● EXERCISE OBJECTIVE
The data that follows is to be copied exactly, with each image removed.

● DATASET EXTRACT
== Segment start ==

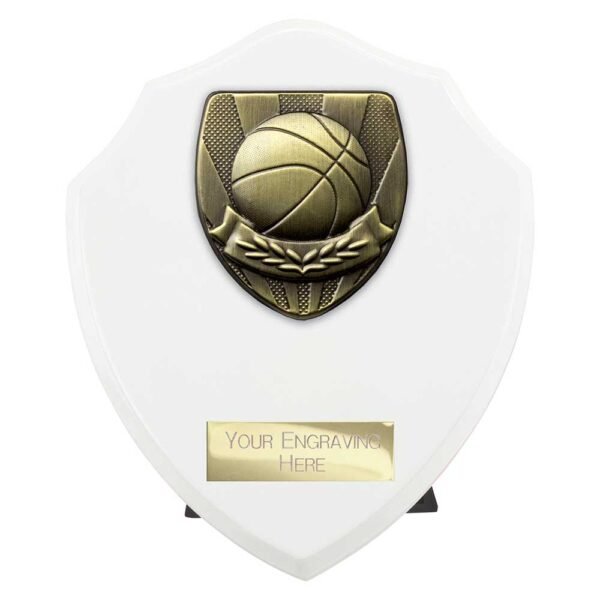 Cobra Shield Basketball Award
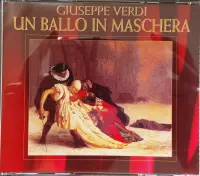 Un Ballo In Maschera - Opera In 3 Acts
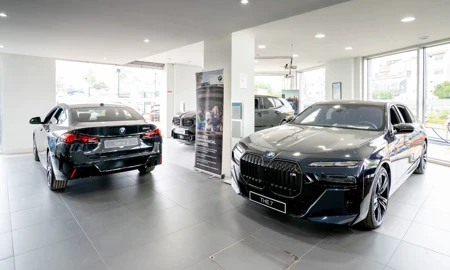 Santogal Bmw Lisboa Stand 2025 2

== Segment end ==

● RESULT OF THE TASK
 Cobra Shield Basketball Award
 Un Ballo In Maschera - Opera In 3 Acts
 Santogal Bmw Lisboa Stand 2025 2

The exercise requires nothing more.